Franco Faggi

Personal information
- Born: 8 March 1926 Perledo, Italy
- Died: 12 June 2016 (aged 90) Perledo, Italy

Sport
- Sport: Rowing
- Club: Canottieri Moto Guzzi

Medal record
Men's rowing
Representing Italy
Olympic Games
| Gold medal – first place | 1948 London | Coxless four |
European Rowing Championships
| Gold medal – first place | 1947 Lucerne | Coxless four |
| Gold medal – first place | 1949 Amsterdam | Coxless four |
| Gold medal – first place | 1950 Milan | Coxless four |

= Franco Faggi =

Italian rower (1926–2016)

Francesco Faggi (8 March 1926 – 12 June 2016) was an Italian rower who competed in the 1948 Summer Olympics and in the 1952 Summer Olympics.

==Biography==
Faggi was born in Perledo in 1926. A worker at the Italian motorbike manufacturer Moto Guzzi based at their plant in Mandello del Lario, he became a member of the company's rowing team, Canottieri Moto Guzzi.

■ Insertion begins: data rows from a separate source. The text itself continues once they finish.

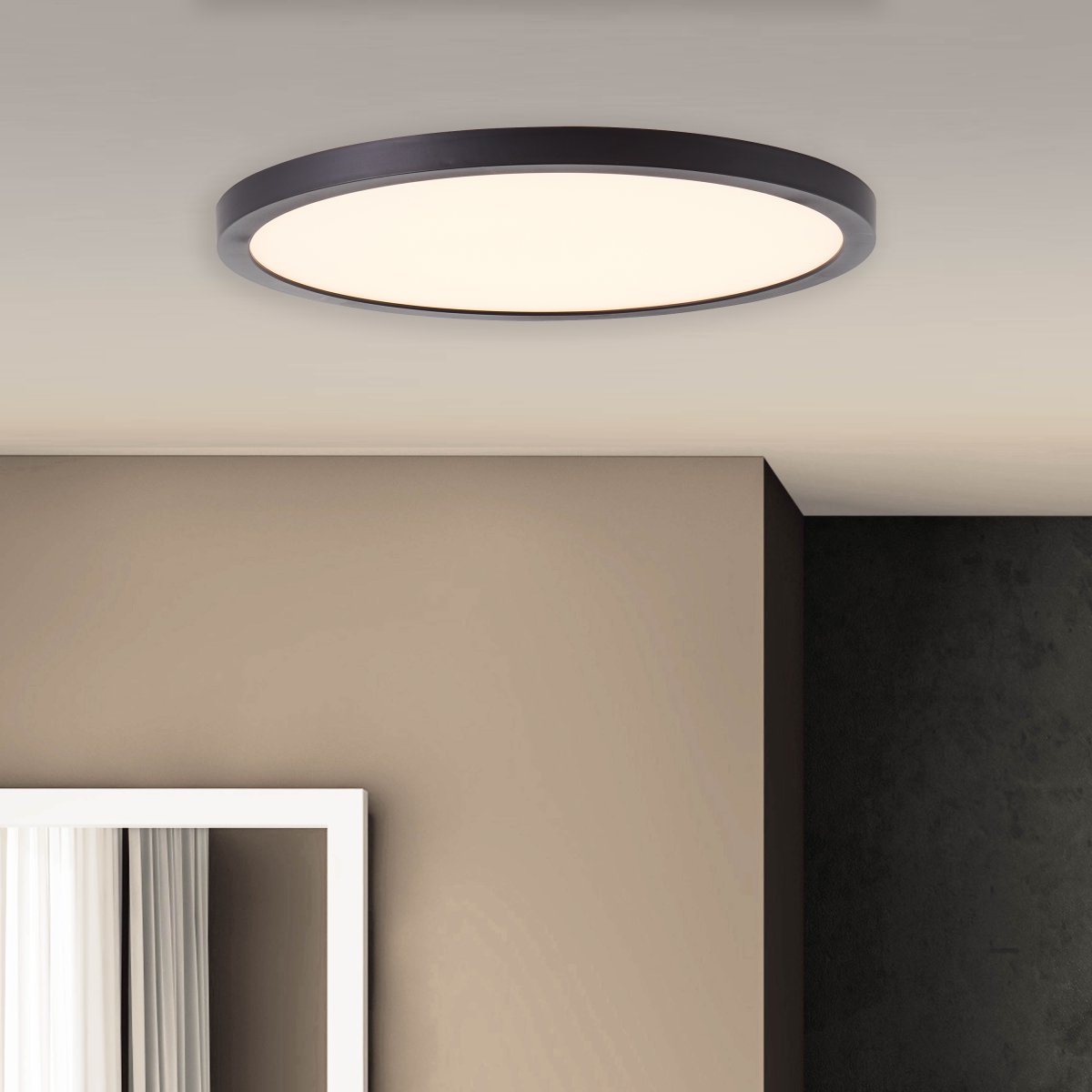 Tuco Ø25 Zwart plafondlamp Van Brilliant - Dankzij het minimalistische en efficiënte ontwerp past het zowel in werkkamers als in woonruimtes.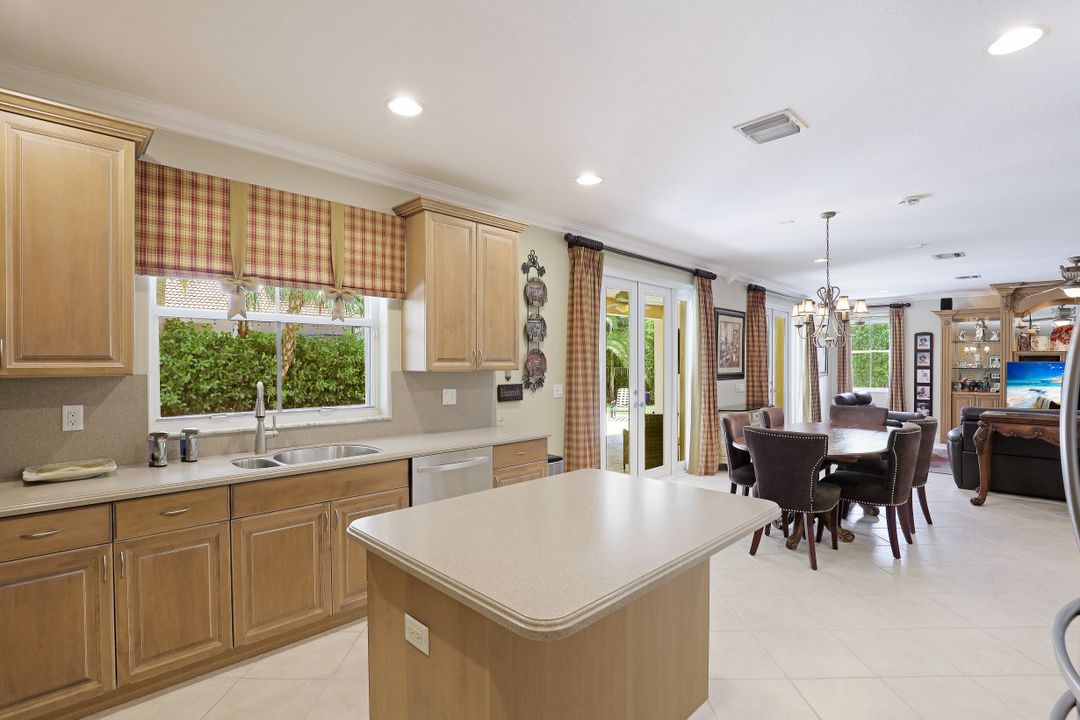 1886 Hidden Trail Ln, Weston, FL 33327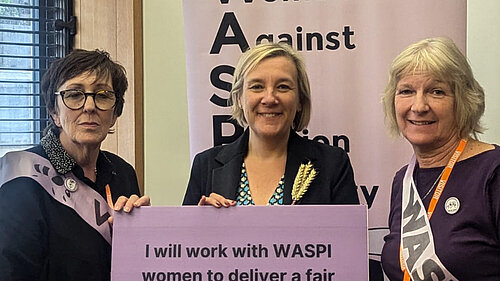 Lisa Smart MP meets the WASPI campaign at Parliament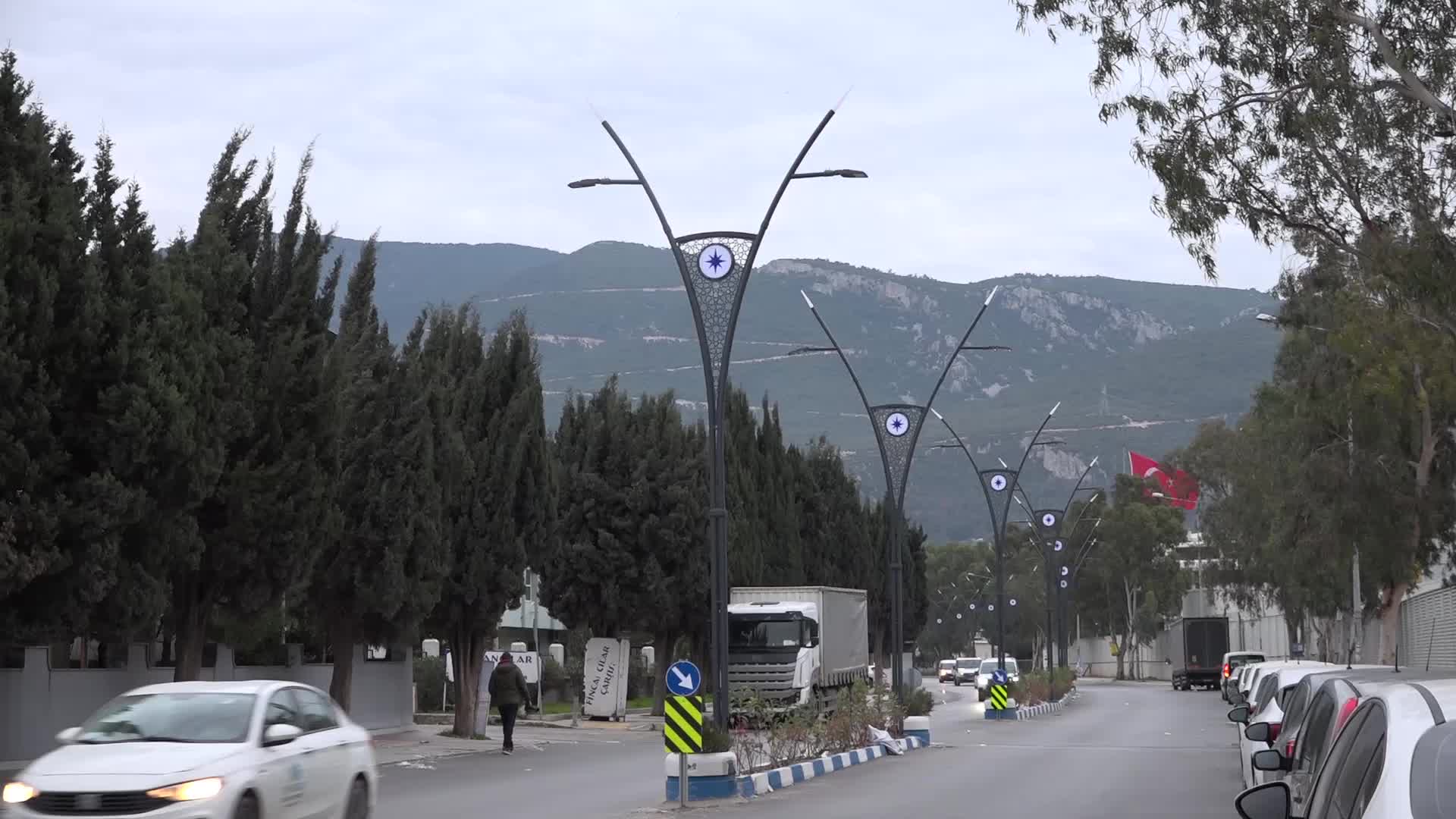 Bornova Belediye Başkanı Eşki: “Bornova’nın en yoğun güzergâhlarından birini çağdaş bir kent aksına dönüştürdük”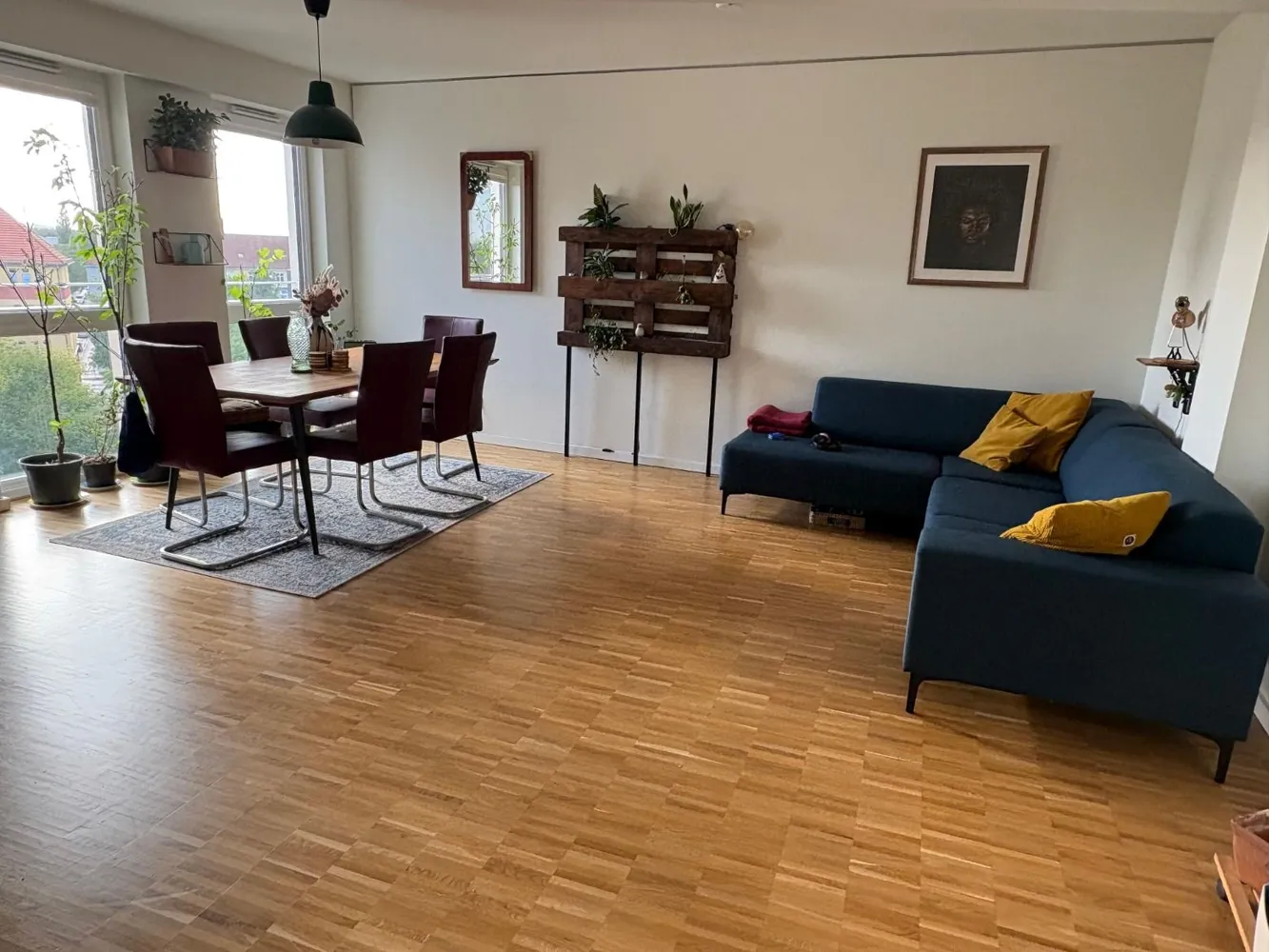 Helle moderne Wohnung.jpg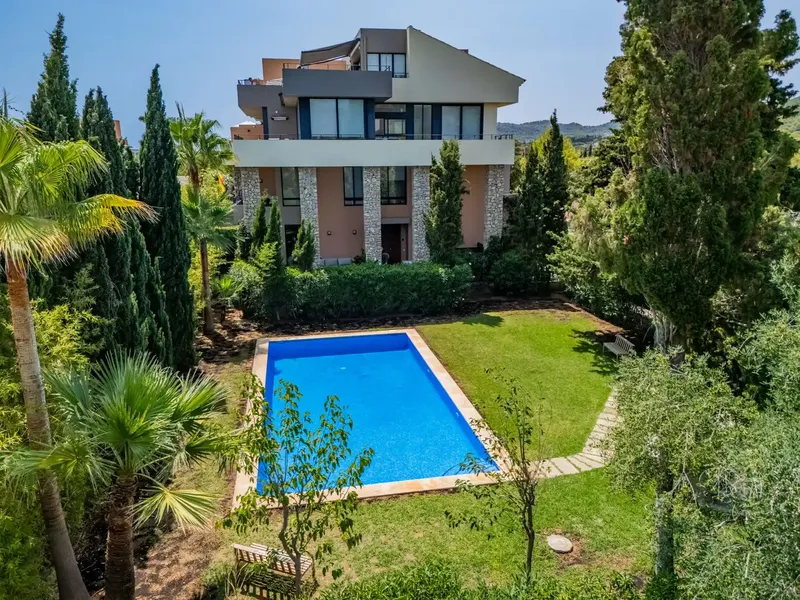 This exclusive penthouse in Port Verd offers luxurious living at the highest level and is the perfect second residence in Mallorca. — photo 5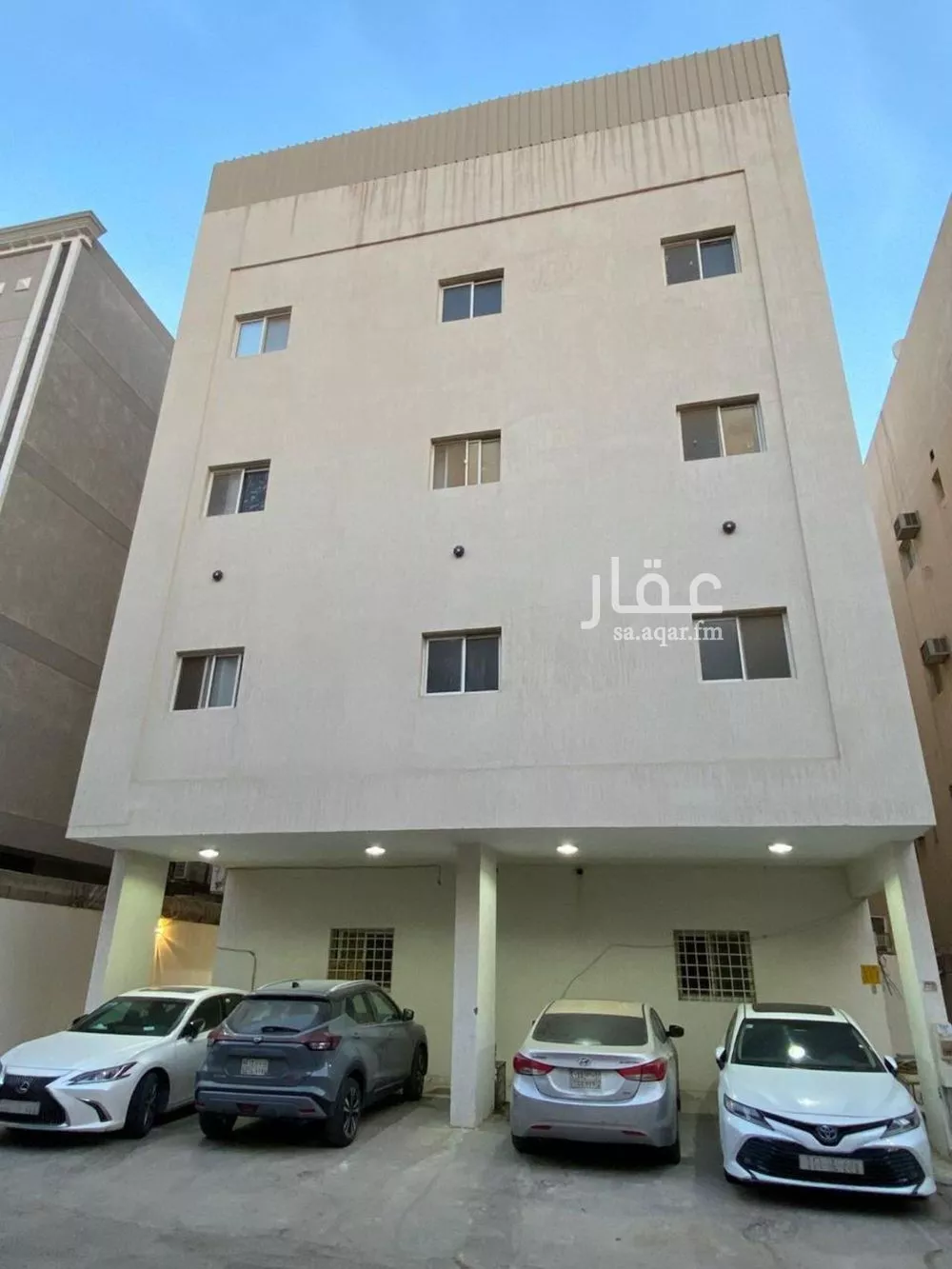 شقة للإيجار في شارع زيد البغدادي, حي الوزارات, مدينة الرياض, منطقة الرياض 1 صورة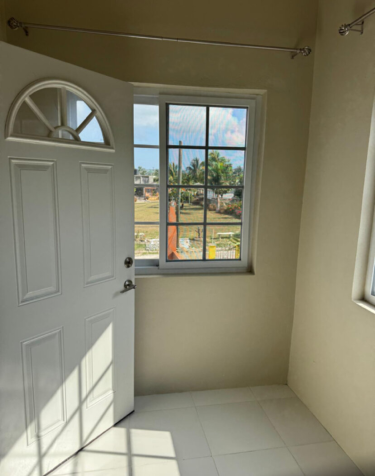 2 Bedrooms 1Bathroom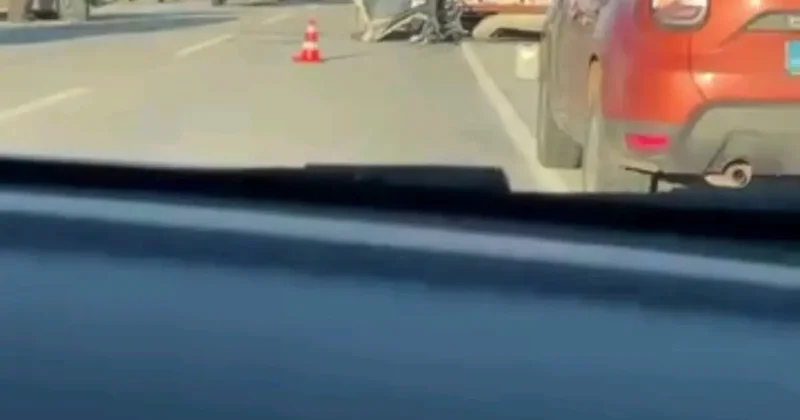 Edirne’de peş peşe kazalar: Hamzabeyli yolunda otomobil tıra çarptı, Demirhamlı’da tır sulama kanalında durabildi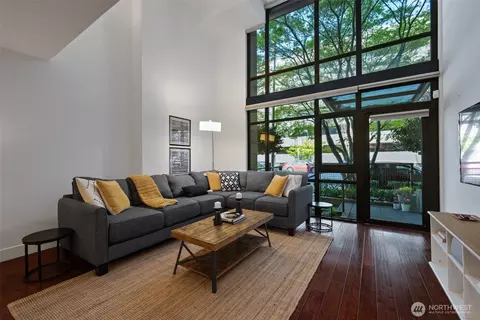 2911 2nd Ave #118, Seattle, WA 98121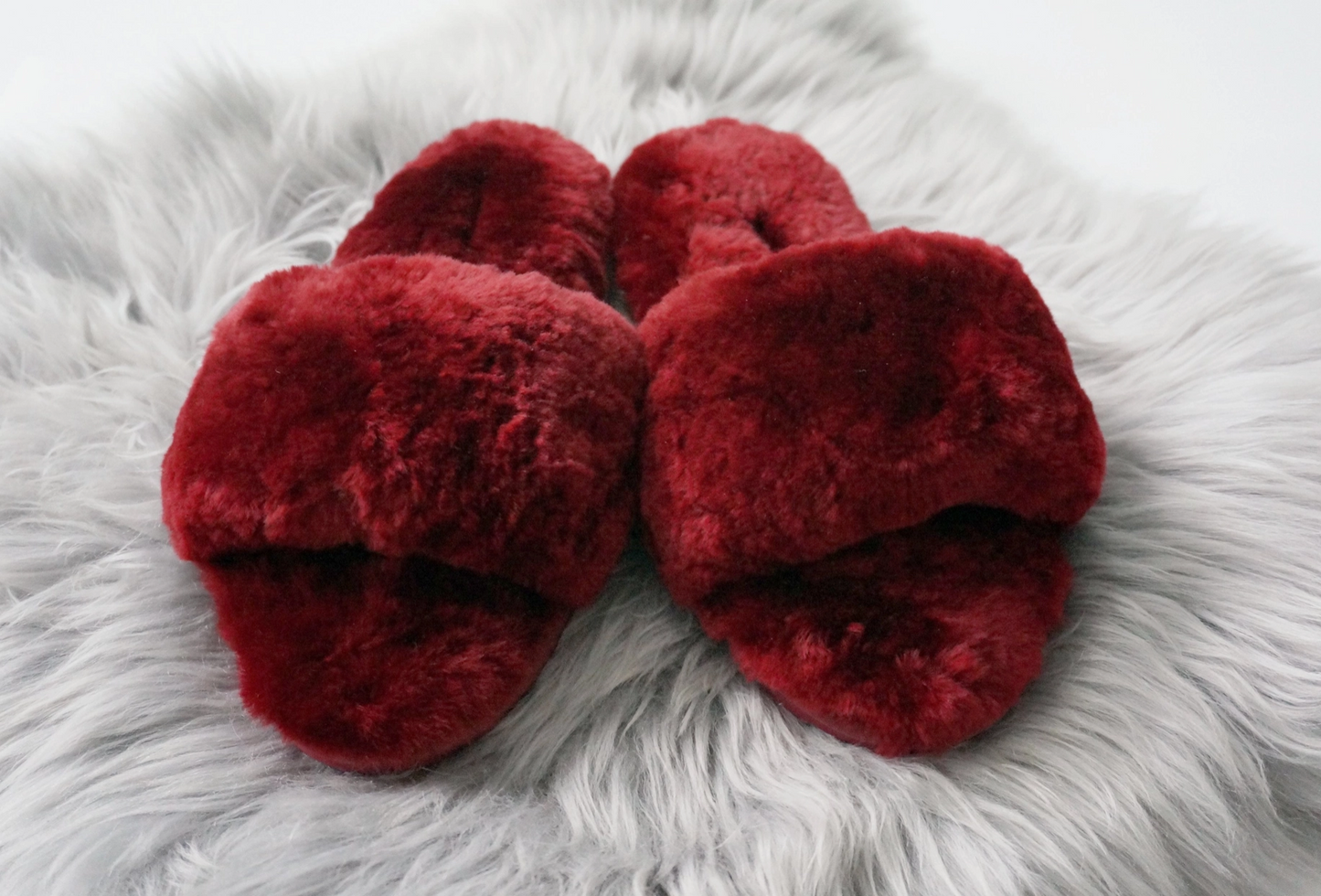 Pantoufles moelleux en peau de mouton australienne (3 couleurs) Australian Sheepskin Fluffy Slippers - Sheepskin Elite
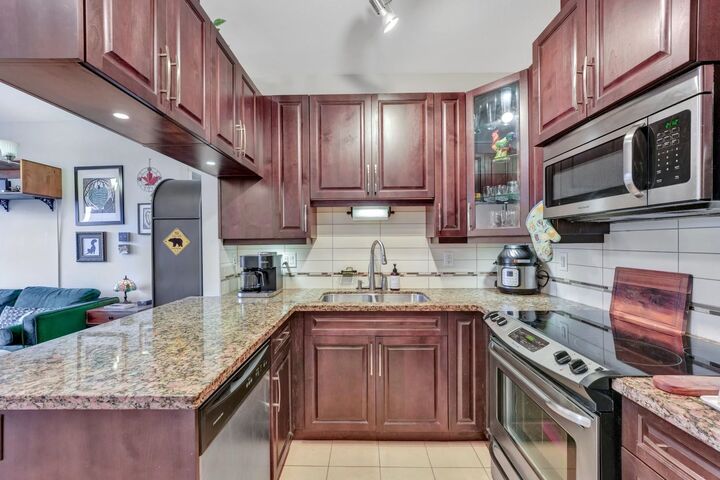 Property Photo:  12525 190A Street 411  BC V3Y 0E1 
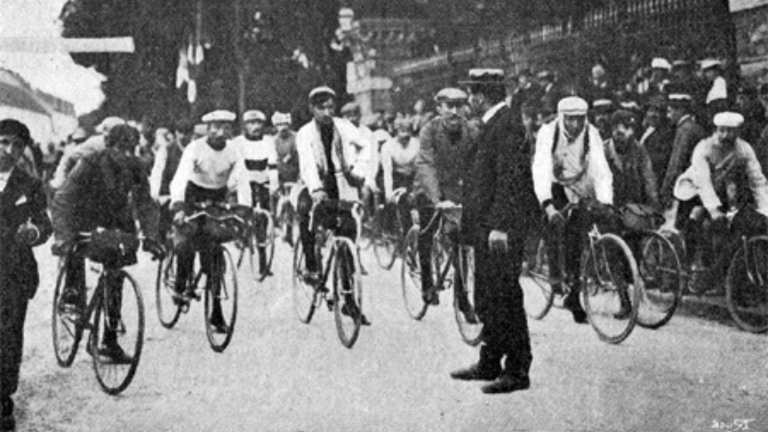 Tour de France 1905 első szakasz rajtja.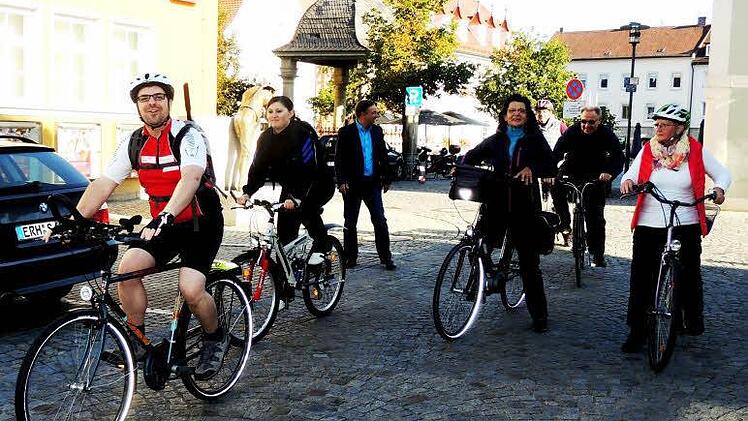 Los geht die Fahrt: Die Tour begann in H&ouml;chstadt. Fotos: Dieter Gropp
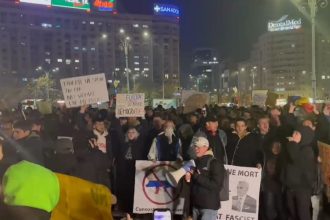 video sute de tineri protesteaza din nou impotriva lui georgescu in capitala 67477ac347575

A coxless four was formed with Giuseppe Moioli, Elio Morille, Giovanni Invernizzi, and Faggi. The first time they left their home training ground, Lake Como, was when they travelled to the 1947 European Rowing Championships in Lucerne, Switzerland. Little known in rowing circles, they unexpectedly won the gold medal in their boat class. The four were to dominate this boat class until 1952, continuously winning all races they rowed including all heats. In 1948 he was a crew member of the Italian boat which won the gold medal in the coxless fours event. Four years later he was eliminated with the Italian boat in the semi-final repechage of the coxless four competition.

Faggi died in Perledo on 12 June 2016, at the age of 90.